Pernikahan Dini Jalur Adat Jadi Sorotan DPRD Kutai Barat, Stunting Tak Kunjung Reda
Ilustrasi pernikahan dini.-istimewa-
KUBAR, NOMORSATUKALTIM – Ketua DPRD Kutai Barat, Ridwai, menyentil praktik adat yang dinilainya ikut memperparah tingginya angka stunting di daerah.
Di hadapan peserta Rapat Koordinasi Penurunan Stunting melalui Gerakan Orang Tua Asuh Cegah Stunting (GENTING), Rabu 16 Juli 2025, Ridwai mengungkapkan, bahwa pernikahan dini yang dilegalkan melalui adat, tanpa memperhatikan kesiapan usia pasangan, masih banyak terjadi dan cenderung didiamkan.
“Di kampung saya sendiri, Sekolaq Darat, hampir tiap tahun ada pernikahan yang dilaksanakan secara paksa oleh adat. Karena sudah terlanjur hamil, lalu buru-buru dinikahkan. Tidak peduli apakah usia dan mentalnya siap atau tidak,” ujar Ridwai dalam forum yang dihadiri Wakil Bupati Kutai Barat, Nanang Adriana, Kadis BKKBN Sukwanto, unsur Forkopimda, perwakilan perusahaan, dan kepala puskesmas.
Menurut Ridwai, persoalan stunting bukan semata-mata soal gizi buruk atau balita yang kurang asupan. Lebih dari itu, ia melihat stunting sebagai buah dari serangkaian persoalan sosial dan kultural yang belum disentuh secara menyeluruh oleh kebijakan pemerintah.
BACA JUGA: Ketua DPRD Sebut Ada 5 Proyek Raksasa APBD Kubar Jadi Temuan BPK, Desak Pemkab Serius Tindak Lanjuti
Salah satunya, kata dia, adalah pernikahan dini yang dilakukan atas dasar penyelesaian adat tanpa mempertimbangkan dampak jangka panjang.
“Selama ini, adat jadi jalan pintas untuk menyelesaikan kehamilan di luar nikah. Tapi setelah itu, tidak ada pendampingan, tidak ada perencanaan keluarga, tidak ada pengawasan kesehatan anak.
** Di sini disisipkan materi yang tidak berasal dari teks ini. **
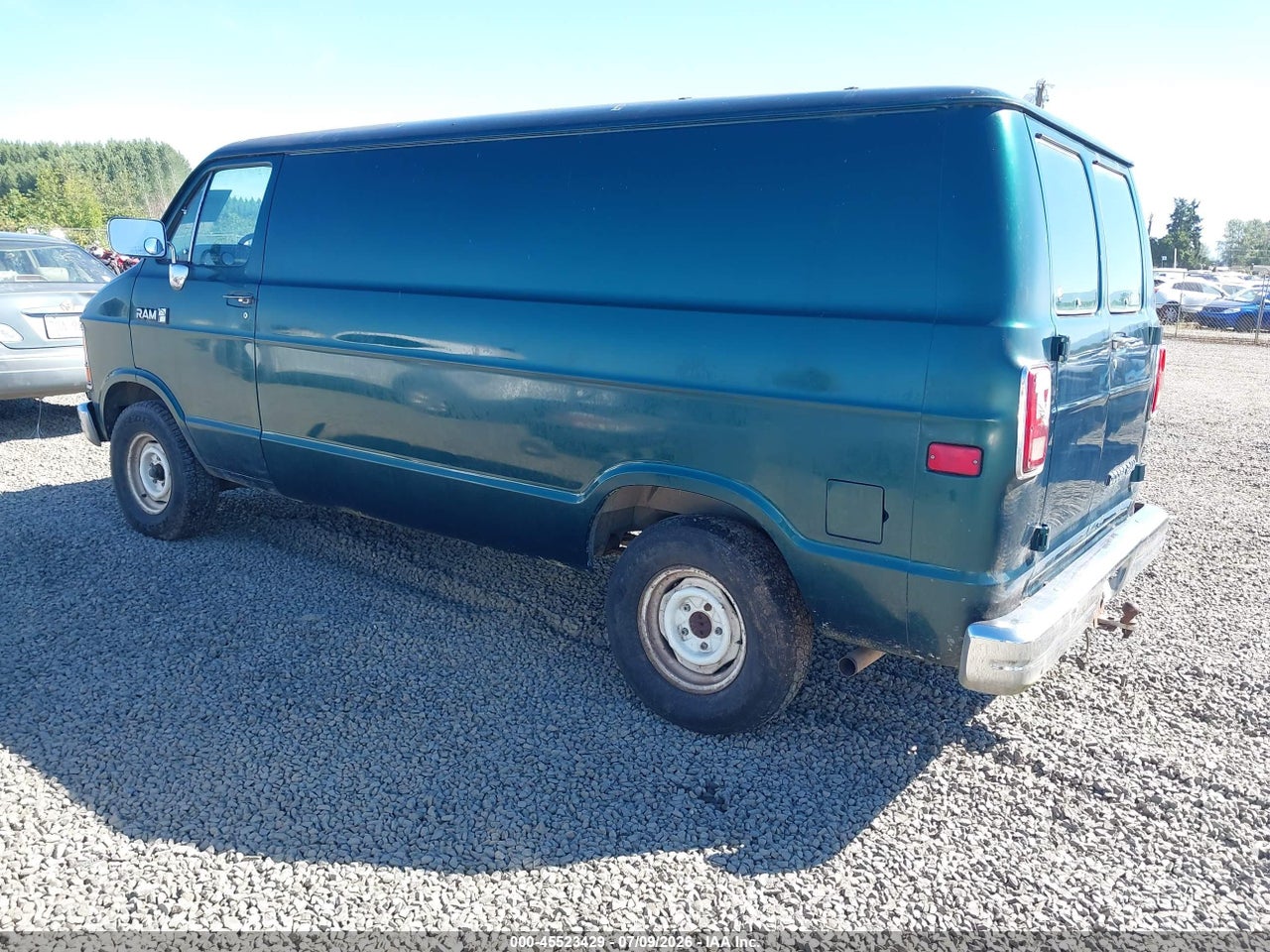 1986 DODGE RAM VAN B250 thumbnail 4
Ini yang jadi akar dari stunting,” lanjutnya.
Ia menyebutkan, banyak lembaga adat di Kutai Barat yang masih mengesahkan pernikahan anak meskipun usia pasangan belum memenuhi syarat secara hukum.
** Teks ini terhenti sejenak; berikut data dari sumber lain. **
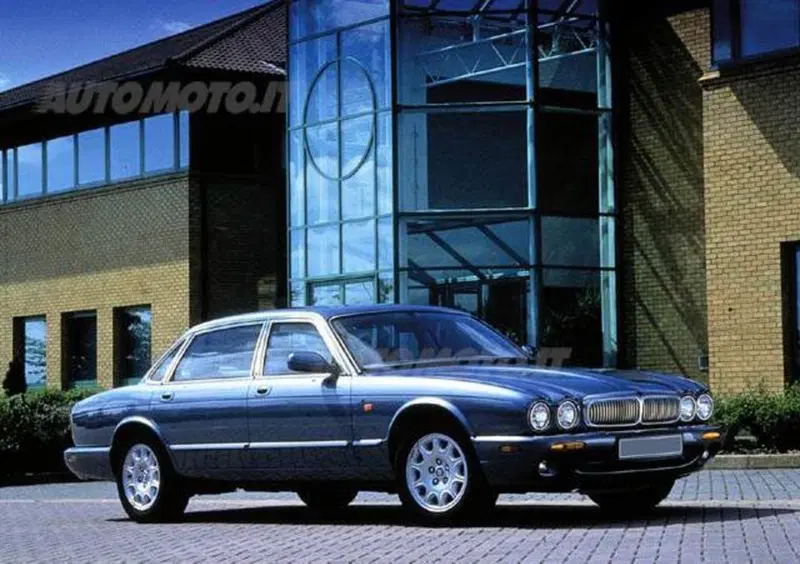 Jaguar Sovereign (1997-02)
Dengan mengatasnamakan penyelesaian secara kekeluargaan atau adat kampung, pernikahan dini dianggap sah meski tidak selalu diikuti dengan kesiapan mental dan ekonomi.
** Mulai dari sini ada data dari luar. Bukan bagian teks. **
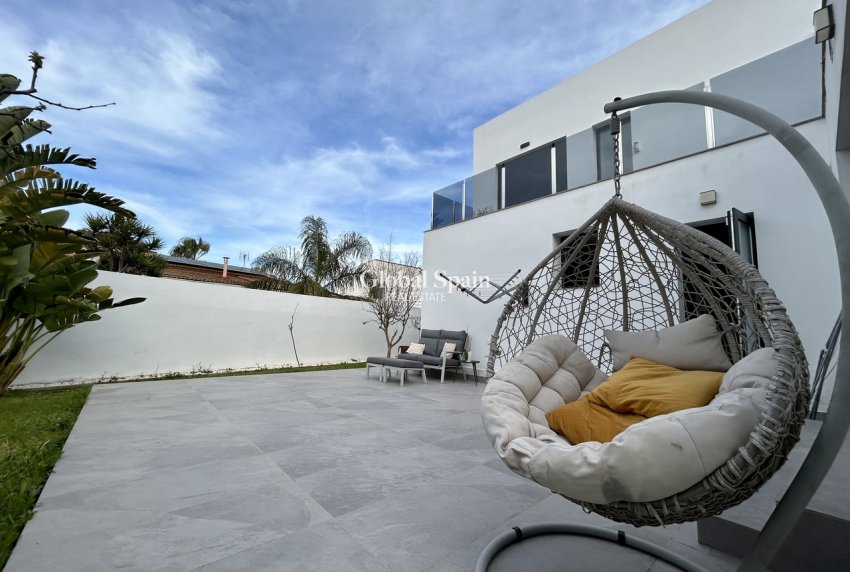Venta - VILLA -
LOS BALCONES - LOS ALTOS - Costa Blanca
BACA JUGA: IBI Kubar Gelar Fun Walk, Kampanye Cegah Stunting dan Dukung Indonesia Emas 2045
“Jangan sampai adat malah jadi tameng. Kita tahu bahwa adat itu penting, tapi adat juga harus berjalan seiring dengan perlindungan anak dan regulasi negara. Kita harus mulai berpikir: apakah adat ini menyelamatkan atau justru mencelakakan generasi kita ke depan,” katanya.
Dalam forum yang diadakan di Auditorium Aji Tulur Jejangkat itu, Ridwai juga menyoroti lemahnya kesadaran masyarakat terhadap pentingnya pemantauan tumbuh kembang anak.
Berdasarkan data yang ia sebut, dari sekitar 10.000 balita di Kutai Barat, hanya 7.000 yang aktif ditimbang dan tercatat di posyandu.
“Berarti ada 3.000 balita yang tidak terpantau. Ini menunjukkan bahwa kita masih gagal membangun kesadaran kolektif soal pentingnya gizi dan pengawasan sejak dini,” ujarnya.